Stathoulopoulos se focalise d’ailleurs sur un quotidien fait de répétition et de rites vaguement surréels, que ce soit pour se rendre auprès d’un vieil ermite que lorsqu’il s’agit de converser auprès de villageois… un quotidien bien peu naturaliste, même quand il est rythmé par les diverses cérémonies, où règnent une réelle quiétude sans qu’on puisse se décider à la qualifier d’envoûtante ou d’oppressante. Semblant se plaire dans l’entre-deux des ressentis, jamais le cinéaste ne cherche d’un côté à associer la force du désir à une nature magnifiée, ni à « dénoncer » les institutions qui hébergent les deux héros, celles-ci semblant même totalement sans aucune prise sur l’ « épreuve » des personnages, les laissant affronter une forme de solitude où le conformisme et peut-être même la foi joue peu… Ce qui ne veut pas dire que Météora soit d’une grande sécheresse, ou fasse non plus dans le lyrisme spiritualisant, tout en intériorité: là encore le réalisateur se démarque des attendus en livrant un rendu à la fois à la fois vif et naïf.

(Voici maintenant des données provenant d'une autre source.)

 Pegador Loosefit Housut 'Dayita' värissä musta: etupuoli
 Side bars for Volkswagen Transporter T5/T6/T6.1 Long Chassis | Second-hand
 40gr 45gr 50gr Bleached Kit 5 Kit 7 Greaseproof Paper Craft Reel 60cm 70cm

La vivacité à l’œuvre, c’est sans doute cette capacité filmer une scène d’amour en devenir en justifiant pleinement le plan long et fixe, et de saisir tous les moments de basculements sans rigidité, aussi bien par une direction d’acteur subtile qu’une capacité à laisser la durée s’exprimer, non pas en profondeur, mais en justesse… Ici il n’y a plus besoin de découper le plan, ni même de se détourner par l’ellipse : tout tient presque de la fatalité. La naïveté quand à elle passe par ces nombreuses séquences animées, grande singularité du métrage qui se permet dans ces dernières un graphisme oscillant entre l’enluminure et le roman graphique. A ce niveau, le réalisateur ne réussit peut-être qu’en partie son pari de traiter des états d’âmes des deux protagonistes par une rupture de représentation : certaines séquences sont trop longues, pas toujours à la hauteur de leurs ambition (le torrent de sang), quand d’autres semblent n’avoir aucune valeur ajoutée. Mais on y trouve aussi de vrais instants de tendresse étonnants, et peut-être s’agit-il in fine d’un travail en surface agissant sur le ton général du film, puisqu’on en finit presque par ne plus dissocier esthétiquement l’animation et le réel, ces deux strates de ressenti, au bout des 80 minutes…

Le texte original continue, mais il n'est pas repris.